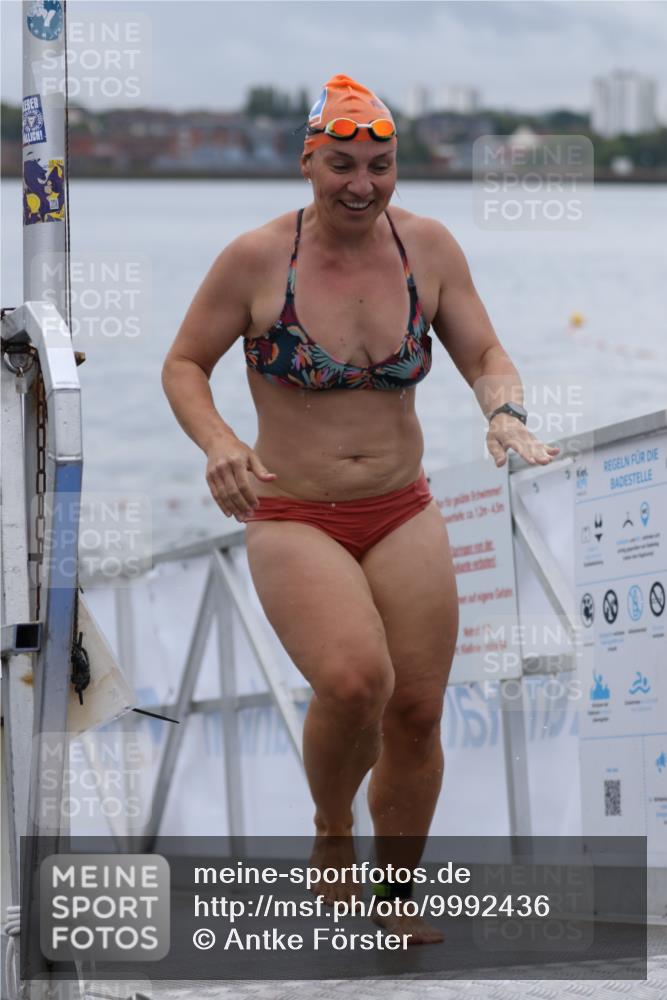 16.08.2026 - KN Förde Triathlon 2026 Antke Förster http://msf.ph/oto/9992436 16.08.2026 09:14:11 Schwimmen 120, 185, 125, 149, 154, 155, 162 meine-sportfotos.de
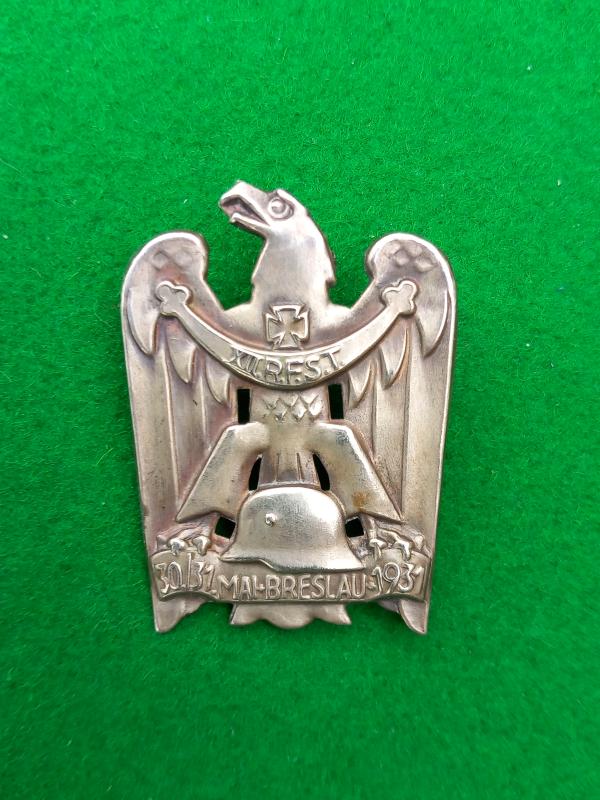 THIRD REICH RALLY ` TINNIE ` BADGE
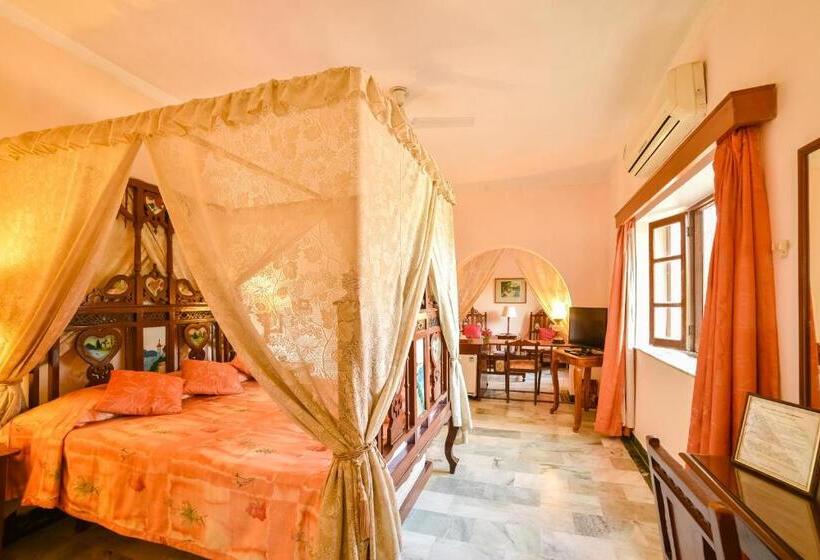 سوییت, Karni Bhawan Heritage Hotel Jodhpur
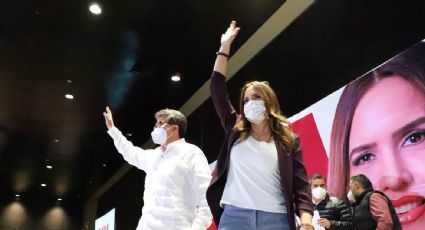 Ricardo Monreal 'se sube' a campaña de Clara Luz en Nuevo León; la acompaña a mitin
┄┄┄┄┄┄
● **INSTRUCTIONS FOR THE TASK**
In your reply, please print exactly the lines from the one with "سوییت, Karni Bhawan Heritage Hotel Jodhpur" through the final line of the listing above, both included, and no pictures.

● **SOLUTION**
 سوییت, Karni Bhawan Heritage Hotel Jodhpur
 Ricardo Monreal 'se sube' a campaña de Clara Luz en Nuevo León; la acompaña a mitin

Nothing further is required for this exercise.